Anomaly Detection Algorithm

Multi-Feature Setup

Training Data

Training set: x⁽¹⁾ through x⁽ᵐ⁾
Each example x has n features
Each x⁽ⁱ⁾ is a vector with n numbers

Example: Aircraft Engine

Two features: heat (x₁) and vibrations (x₂)
Each x⁽ⁱ⁾ is 2-dimensional vector
n = 2
For practical applications: n can be dozens or hundreds

Density Estimation Model

Model Assumption

Build model for p(x) where:

p(x) = p(x₁) × p(x₂) × p(x₃) × ... × p(xₙ)

Statistical Independence

Assumes features x₁, x₂, …, xₙ are statistically independent
Algorithm often works fine even when features aren’t actually independent
Understanding statistical independence not required for effective use

Compact Notation

p(x) = ∏(j=1 to n) p(xⱼ)

Where ∏ symbol means “product” (like Σ means “sum”)

Parameter Estimation

Individual Feature Parameters

For each feature j:

μⱼ: Mean of feature j
σⱼ²: Variance of feature j

Parameter Formulas

Mean estimation:

μⱼ = (1/m) * Σ(i=1 to m) xⱼ⁽ⁱ⁾

Variance estimation:

σⱼ² = (1/m) * Σ(i=1 to m) (xⱼ⁽ⁱ⁾ - μⱼ)²

Vectorized Implementation

For efficiency, can compute all means simultaneously:

μ = (1/m) * Σ(i=1 to m) x⁽ⁱ⁾

Where x and μ are both vectors.

Complete Algorithm

Step 1: Choose Features

Select features x⁽ⁱ⁾ that might be indicative of anomalous examples.

Step 2: Fit Parameters

Estimate μ₁ through μₙ and σ₁² through σₙ² for n features using formulas above.

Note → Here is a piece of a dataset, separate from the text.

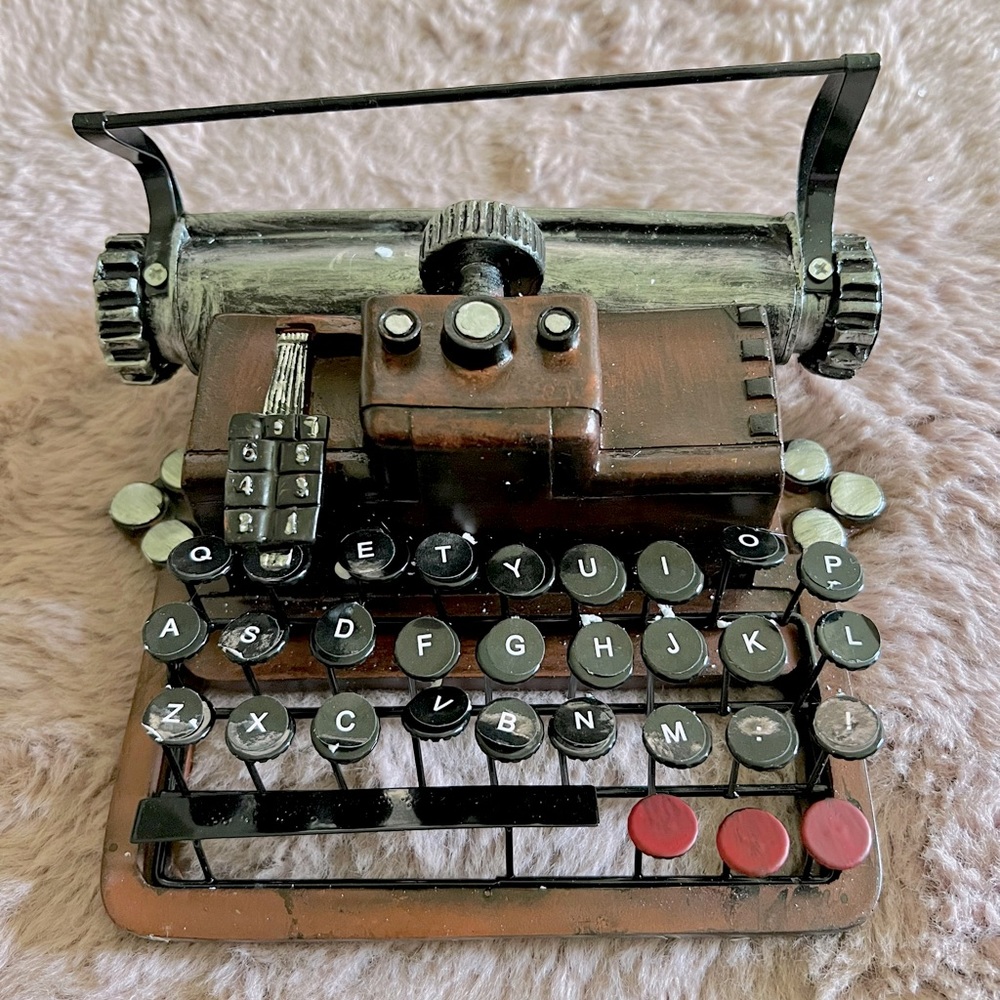 NWB - home decor sculpture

Step 3: Compute Probability

For new example x, compute:

p(x) = ∏(j=1 to n) p(xⱼ; μⱼ, σⱼ²)

Substituting Gaussian formula:

p(x) = ∏(j=1 to n) (1/√(2πσⱼ)) * e^(-(xⱼ-μⱼ)²/(2σⱼ²))

Step 4: Make Decision

If p(x) < ε: Flag as anomaly
If p(x) ≥ ε: Consider normal

Algorithm Intuition

Why It Works

Algorithm flags example as anomalous if one or more features are either:

Very large relative to training set, OR
Very small relative to training set

Mathematical Reasoning

Each feature xⱼ fits a Gaussian distribution
If any feature xⱼ is “way out here” → p(xⱼ) becomes very small
If any single term in product is very small → overall p(x) becomes small
Systematic way to quantify unusually large or small feature values

Concrete Example

Dataset Characteristics

Feature x₁: Large range of values
Feature x₂: Smaller range of values

Fitted Parameters

μ₁ = 5, σ₁ = 2 (for x₁)
μ₂ = 3, σ₂ = 1 (for x₂)

3D Probability Surface

Multiplying p(x₁) × p(x₂) creates 3D surface
Height at any point = product of individual probabilities
Higher probability near center
Lower probability toward edges

Test Examples

Example 1 (x_test1):

p(x) ≈ 0.4 (much larger than ε = 0.02)
Decision: Normal, not anomalous

Example 2 (x_test2) (x₁ ≈ 8, x₂ ≈ 0.5):

p(x) ≈ 0.0021 (much smaller than ε = 0.02)
Decision: Flag as anomaly

This systematic approach provides a principled method for detecting anomalies by modeling normal behavior and identifying significant deviations from expected patterns.